FIG. 6 is a block diagram showing a configuration of the training device 20. FIG. 7 is a diagram for explaining an operation example of the training device 20. As shown in FIG. 6, the training device 20 includes an extraction unit 21, a generation unit 22, and a construction unit 23. The functions of the extraction unit 21, the generation unit 22, and the construction unit 23 are realized by the CPU 130 of FIG. 1 executing a training program. At least a part of the extraction unit 21, the generation unit 22, and the construction unit 23 can be realized in hardware such as electronic circuitry.
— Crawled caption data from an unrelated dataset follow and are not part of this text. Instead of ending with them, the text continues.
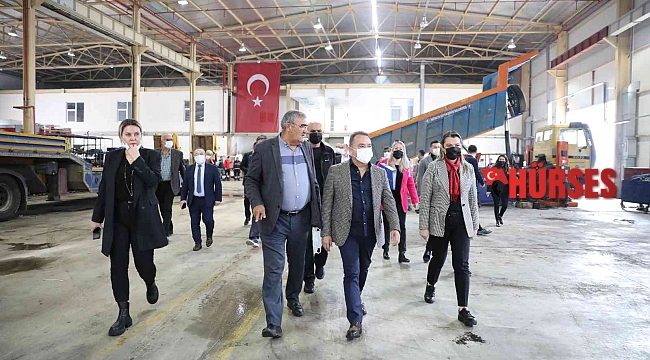 Başkan Böcek: "Tarımsal hizmetlere 63 milyon 115 bin TL'lik bütçe"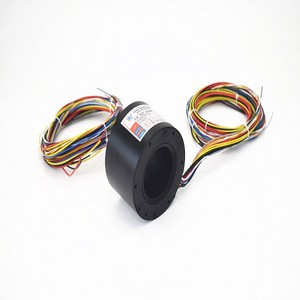 Customized slip ring with 55mm inner bore-Image
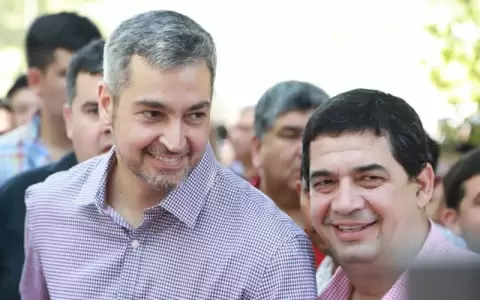 Hugo Estigarribia: "Abdo y Vel�zquez deben enfocarse netamente en cumplir sus funciones"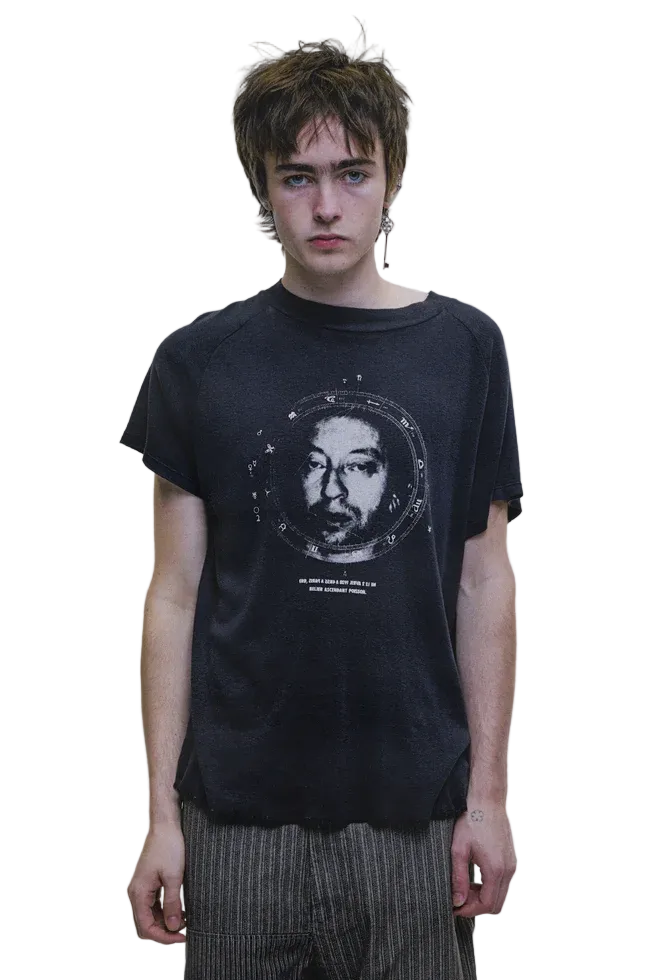 Serge Raglan Tee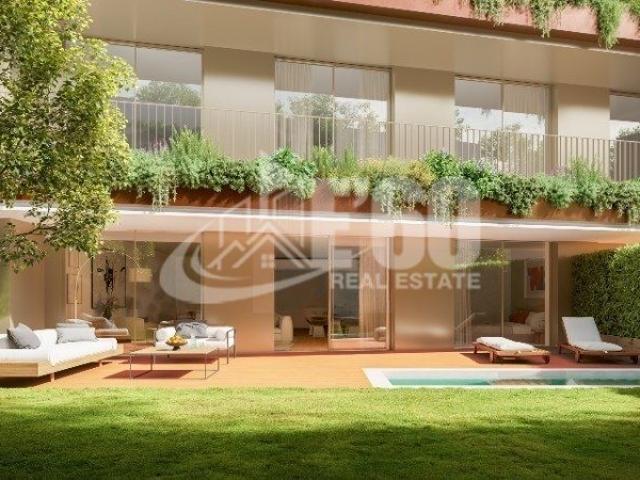 Apartamento T3 De Luxo Na Boavista 316m² Porto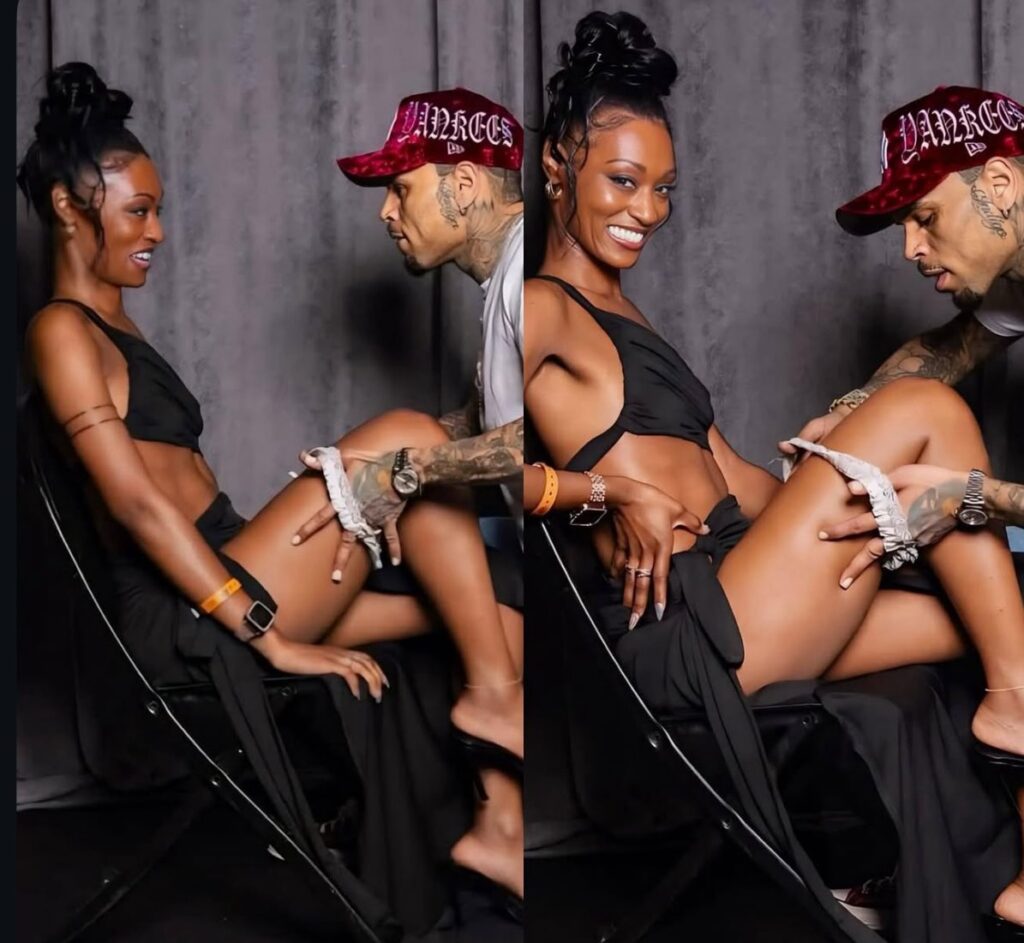 Chris brown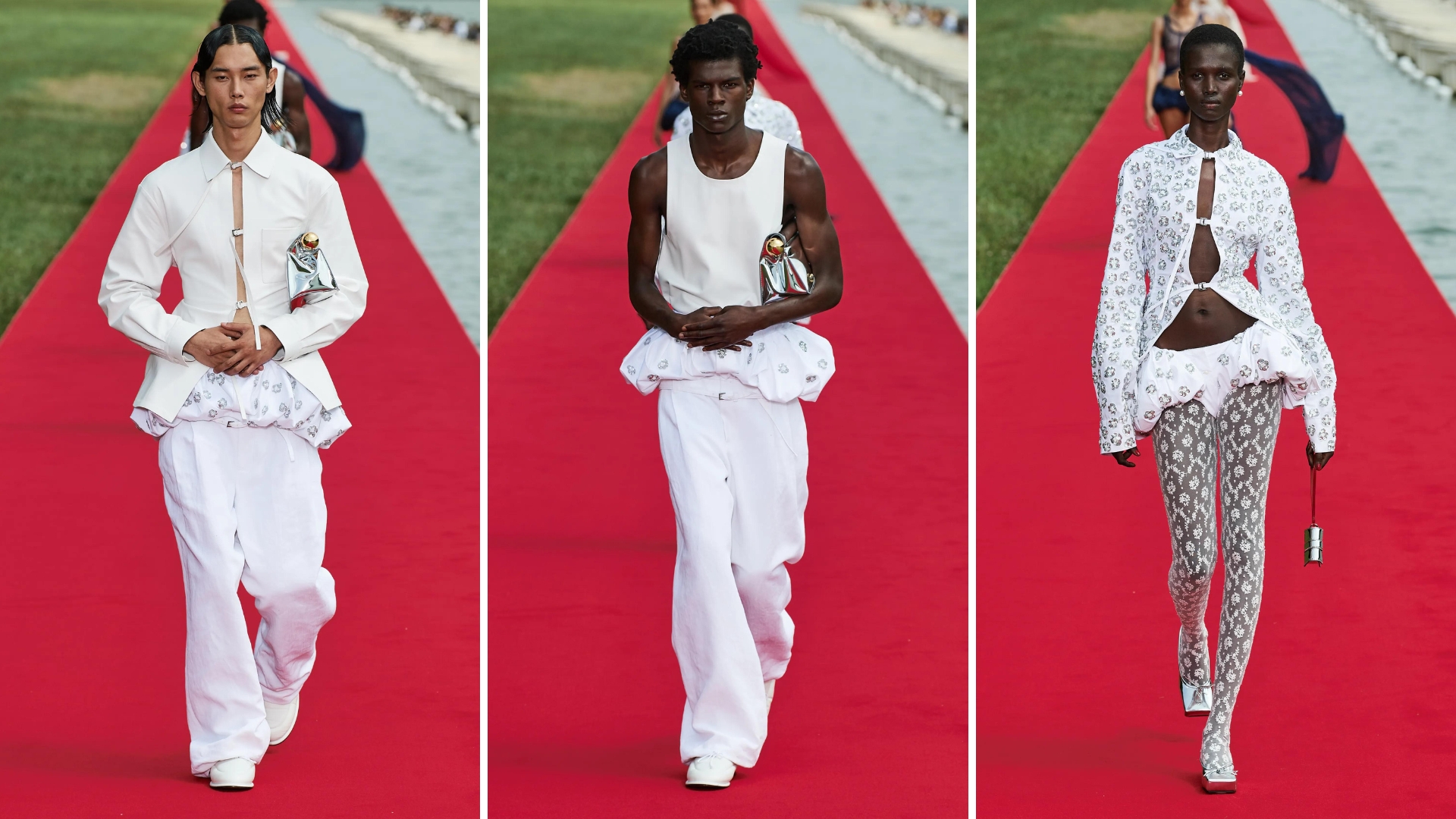 O Desfile Da Jacquemus Fall Est Dando O Que Falar Confira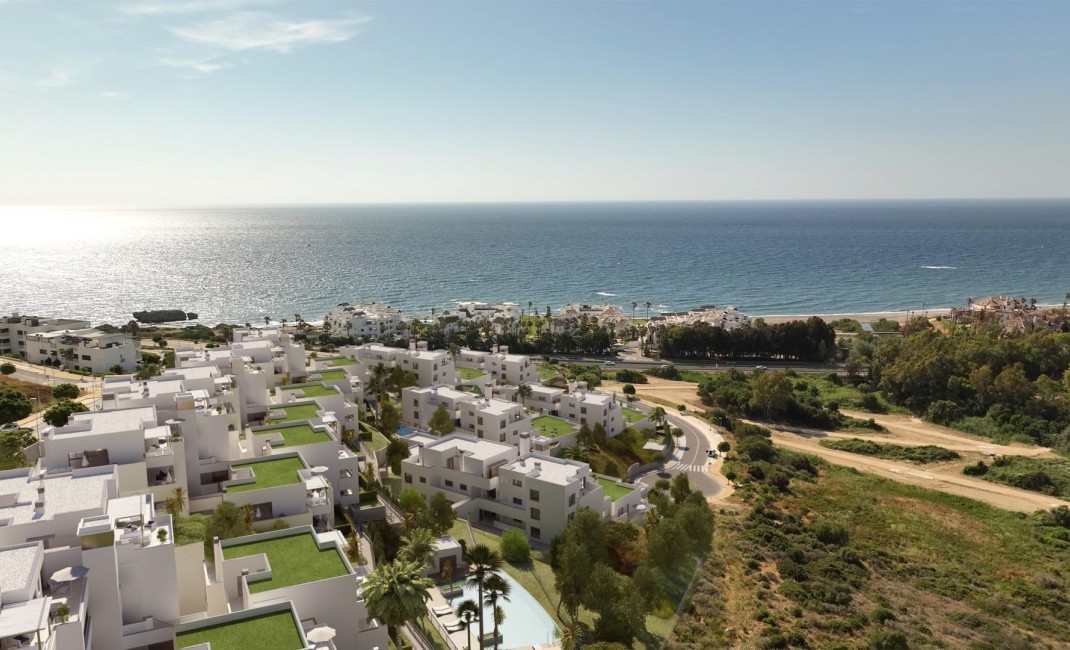 New Build - Apartment - Casares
The extraction unit 21 extracts a reference sound data sequence and an output feature amount sequence from each of the plurality of pieces of the reference data D2 stored in the storage unit 140 or the like. The reference sound data sequence are data representing a frequency-domain spectrum of the time-domain waveform represented by the reference data D2 and can be a combination of a time series of pitch and a time series of amplitude spectrum envelope of a waveform represented by corresponding reference data D2, a mel spectrogram, etc. Frequency analysis of the reference data D2 using a prescribed time frame generates a sequence of reference sound data at prescribed intervals (for example, 5 ms). The output feature amount sequence is a time series of a feature amount (for example, amplitude) of the waveform corresponding to the reference sound data sequence which changes over time at a prescribed fineness corresponding to the prescribed interval (for example, 5 ms). The data interval in each type of data sequence can be shorter or longer than 5 ms, and can be the same as or different from each other. The generation unit 22 generates an input feature amount sequence from each of the plurality of output feature amount sequences. In the input feature amount sequence, the feature amount (for example, amplitude) changes over time at a fineness that is lower than the fineness of the time series of the feature amount (for example, amplitude) in the output feature amount sequence.

Specifically, as shown in FIG. 7, the generation unit 22 extracts a representative value of the amplitude within a prescribed period of time (prescribed time period) T including each time point t, in the output feature amount sequence. The interval between two adjacent time points t is 5 ms, for example, the length of the time period is 3 s, for example, and each time point t is positioned at the center of the time period T. In the example of FIG. 7, the representative value of the amplitude of each time period T is the maximum value of the amplitude within said time period T, but can be other statistical values, etc., of the amplitude within the time period T. The generation unit 22 generates the input feature amount sequence by arranging the representative values of the extracted amplitudes of the plurality of time periods T as the respective amplitudes of a plurality of time points tin the input feature amount sequence. The maximum value of the amplitude remains the same for a period of up to 3 s, and the interval at which the value changes is several tens of times longer compared to the interval 5 ms of time points. That is, the frequency of change is lower, i.e., the fineness is lower, for the input feature amount sequence as compared to the output feature amount sequence.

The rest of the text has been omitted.